▸ **TASK INSTRUCTIONS**
Each line below from the line with "Nguồn cung dồi" to the line with "122 SW 1st Avenue, Delray" must be copied exactly, including those two, and no picture may appear in the copy.

▸ **GIVEN DATA**
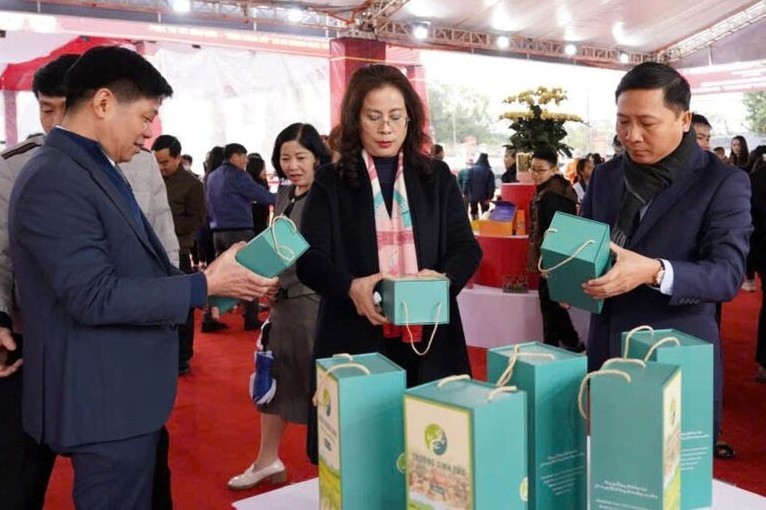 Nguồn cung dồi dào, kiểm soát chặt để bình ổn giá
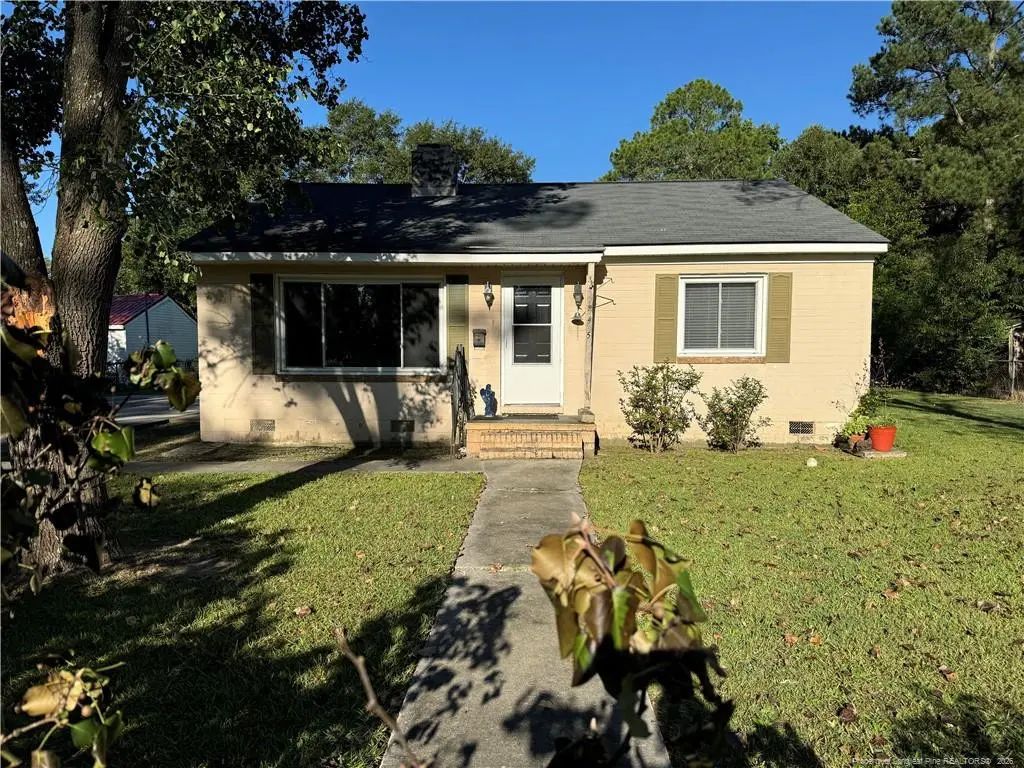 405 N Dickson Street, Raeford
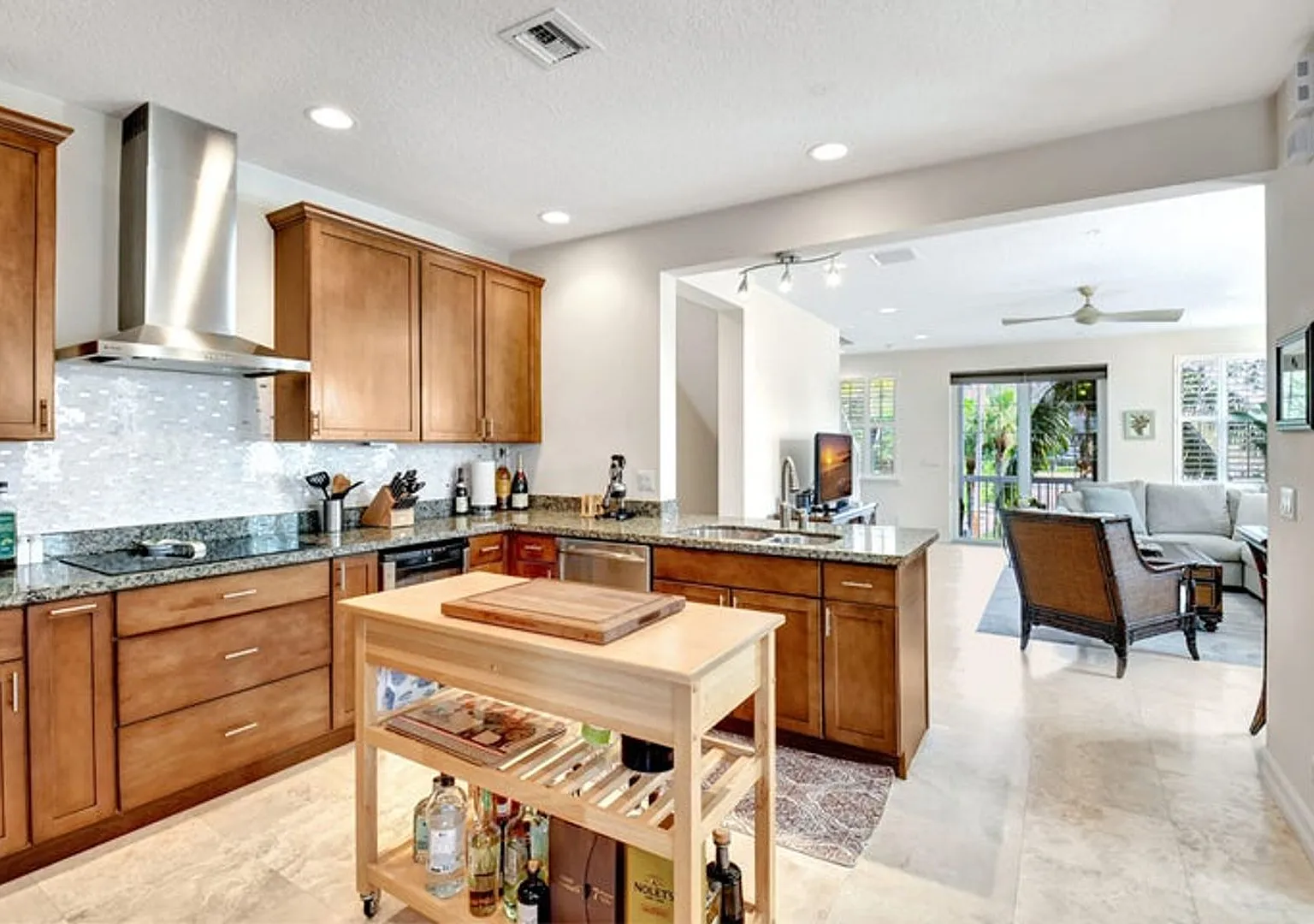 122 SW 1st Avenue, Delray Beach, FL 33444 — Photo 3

* * *

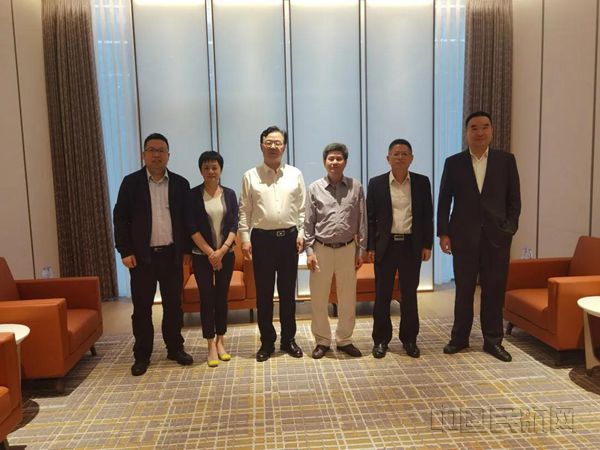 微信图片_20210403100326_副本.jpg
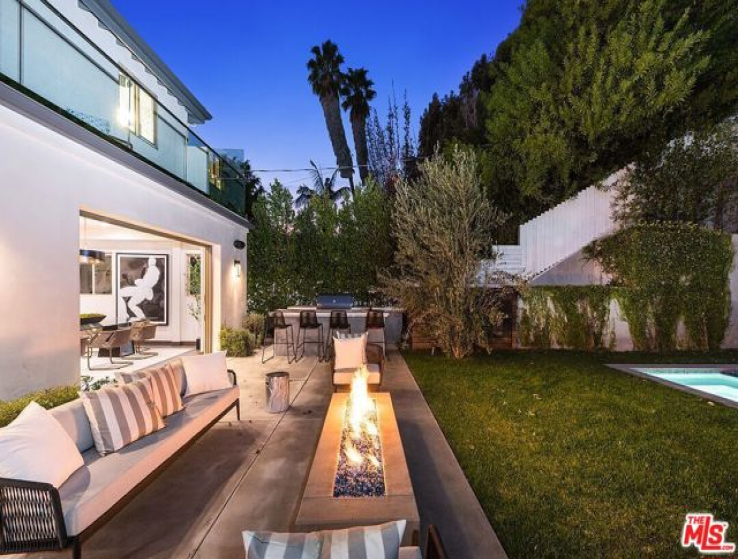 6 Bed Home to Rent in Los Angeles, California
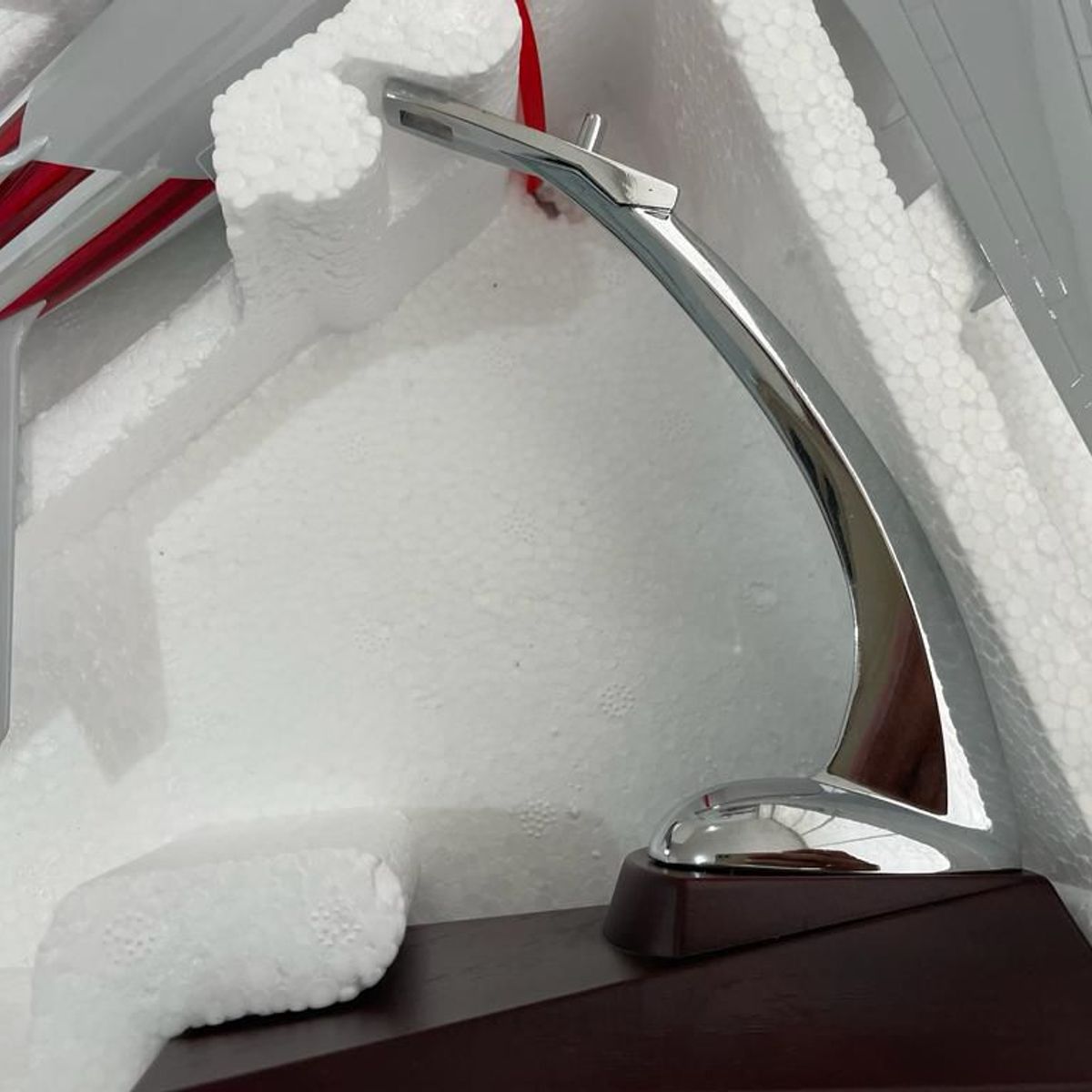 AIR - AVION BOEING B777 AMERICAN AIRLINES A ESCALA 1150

* * *

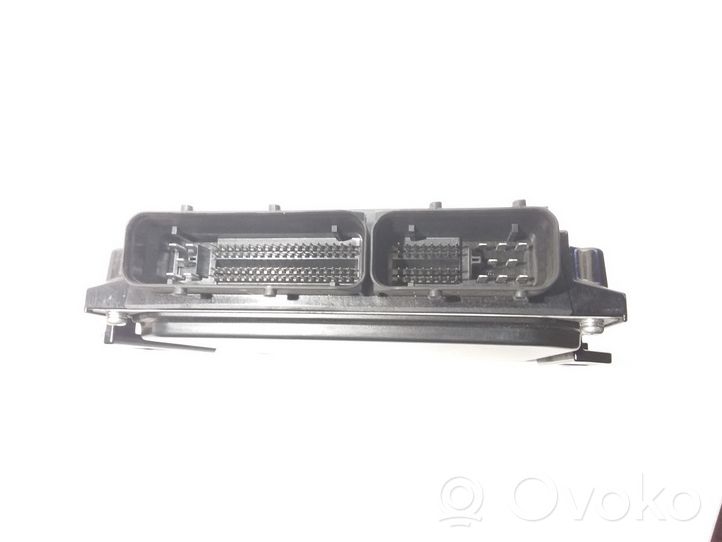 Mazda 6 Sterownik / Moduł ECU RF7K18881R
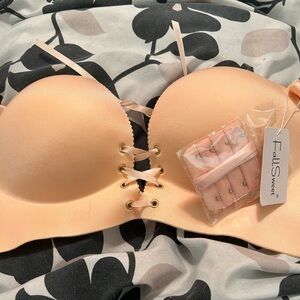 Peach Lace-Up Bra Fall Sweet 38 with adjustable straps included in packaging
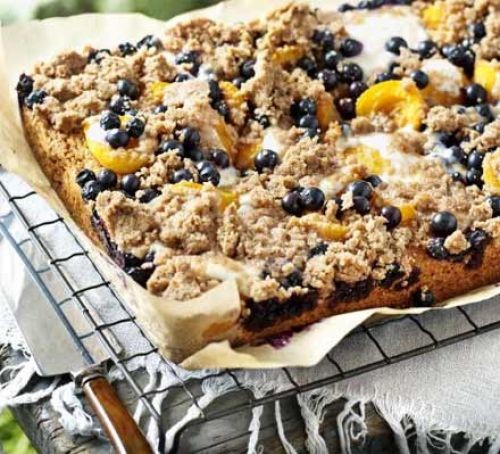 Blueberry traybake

▸ **ANSWER TO THE EXERCISE**
 Nguồn cung dồi dào, kiểm soát chặt để bình ổn giá
 405 N Dickson Street, Raeford
 122 SW 1st Avenue, Delray Beach, FL 33444 — Photo 3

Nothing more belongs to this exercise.